Miss Dickey’s classes were punctuated with memorable moments. One day the principal came uninvited to observe her class. She did not appreciate that. We watched goggle-eyed from our desks as she grabbed him by the back of his jacket collar and trotted him out of the classroom and slammed the door behind him. Dancing Dan -- a wooden doll with articulated joints that tap-danced on a bouncing board -- was always handy for comic relief. And who could forget her “fencing” demonstrations with blackboard pointers? When she finally allowed herself to be “run through” she would cry, “Touch-eee!” and stagger around the room in mock death throes.


For years my mother taught English in the junior high next door.
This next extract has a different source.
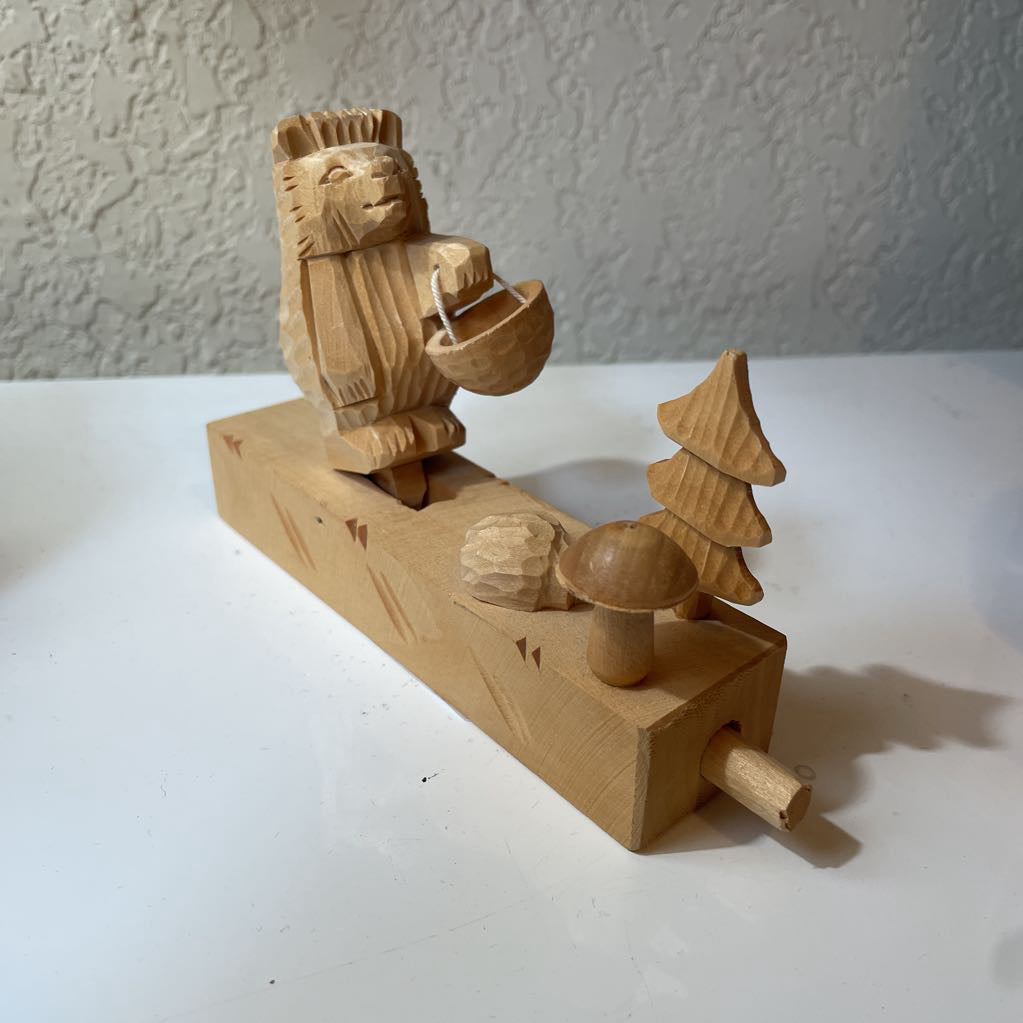 Carved Wood Bear Action Toy SMALLS
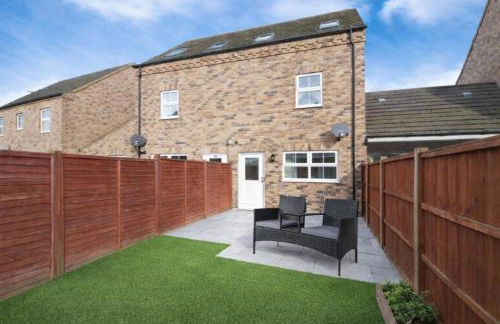 Spacious 3BR Home in Spalding | Parking for Vans - Foto 14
At home I continually underwent grammatical correction with such pearls as: “When the pronoun is the object of the preposition, you have to use the objective case, as in ‘whom’ rather than ‘who,’ which is subjective case.” You could have guessed that my mother had had Miss Dickey too, twenty-two years before me.

 

My buddy Charlie and I always meant to stop by to see Miss Dickey after she retired and tell her how much the stuff she taught us had stuck with us. Alas, we never did. She died in 1991. Charlie and I did, however, share a unique Miss Dickey moment. One day, post-graduation, were walking past the front of the high school and saw Miss Dickey standing on the ground, struggling with the window of her first-floor classroom.  Naturally, given who it was, we found it not at all strange that she might be attempting to climb in the window. It was after hours, the building was closed and the doors shut, but, she explained, she needed to retrieve some papers. The window was unlocked but a little too high for her to hoist her bulk up to the sill and climb in. We did what any grateful students would: We gave her a boost.